__WORK TO BE COMPLETED__
Exactly the lines from the one containing "CASQUE DE SAPEURS-POMPIERS" through the final line of the data below, with pictures omitted, make up the answer.

*** SUPPLIED MATERIAL Section Begins ***

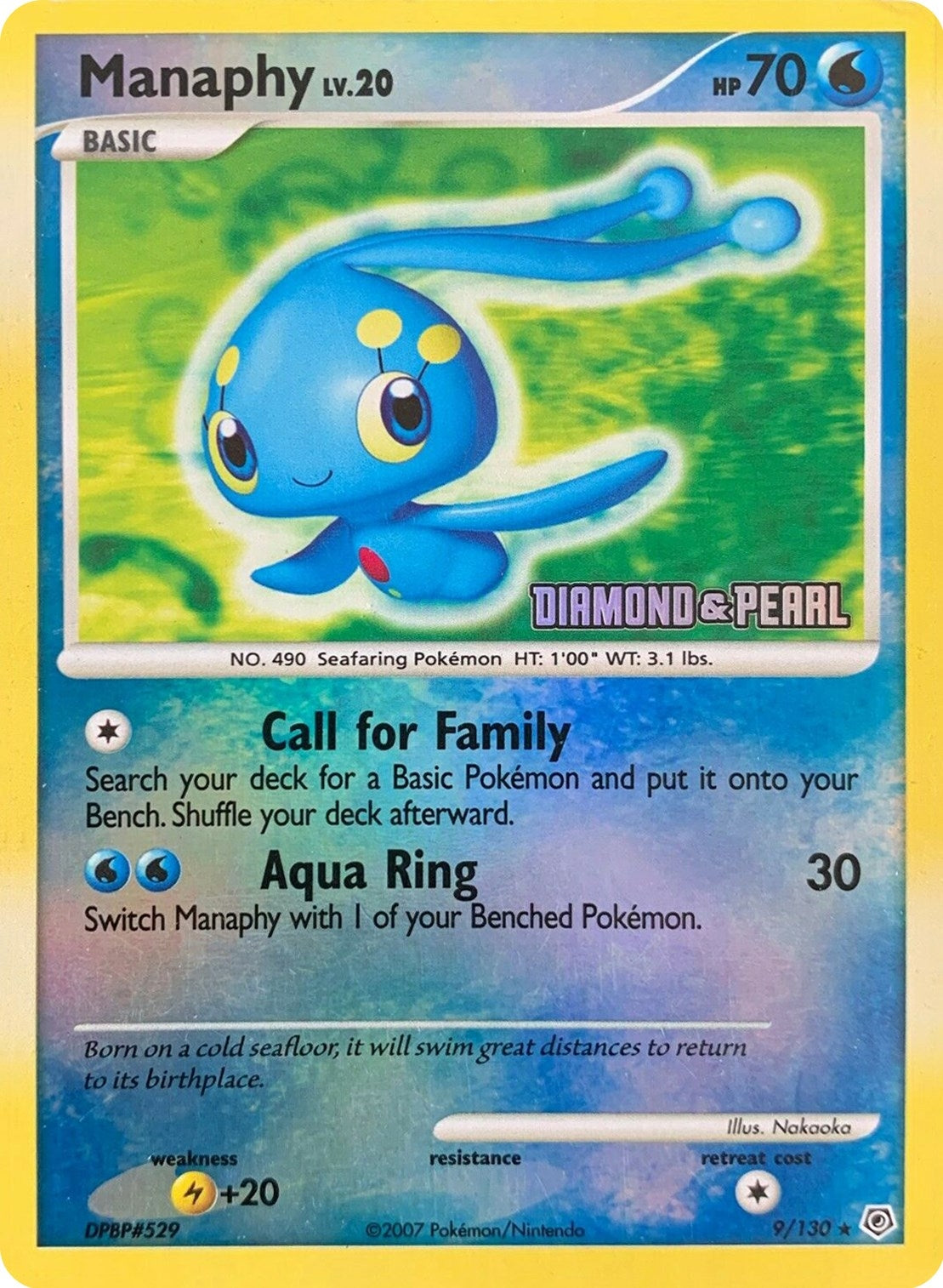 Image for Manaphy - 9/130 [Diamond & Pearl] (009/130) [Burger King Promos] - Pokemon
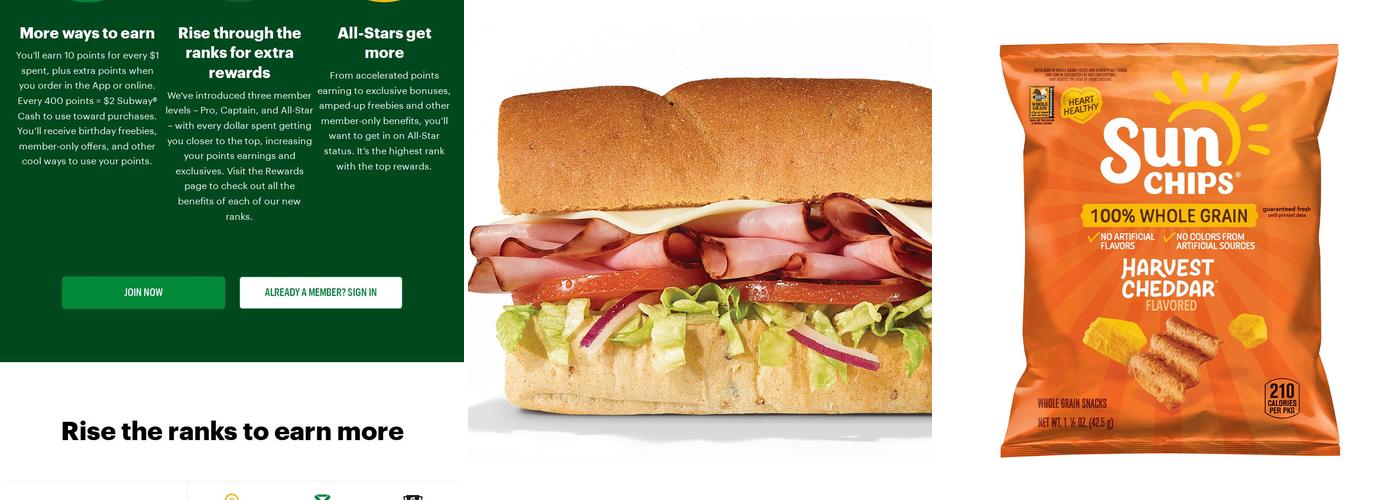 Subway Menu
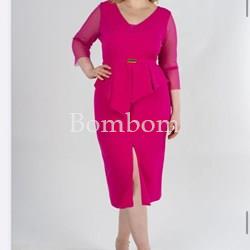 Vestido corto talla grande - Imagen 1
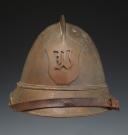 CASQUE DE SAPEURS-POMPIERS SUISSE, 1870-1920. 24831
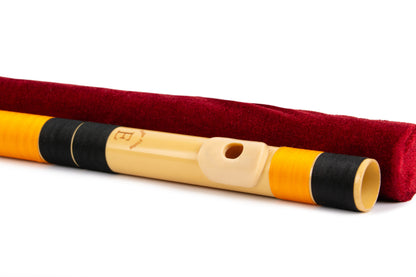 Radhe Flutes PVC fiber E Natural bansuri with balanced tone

*** SUPPLIED MATERIAL Section Ends ***

__SOLUTION TO THIS PROBLEM__
 CASQUE DE SAPEURS-POMPIERS SUISSE, 1870-1920. 24831
 Radhe Flutes PVC fiber E Natural bansuri with balanced tone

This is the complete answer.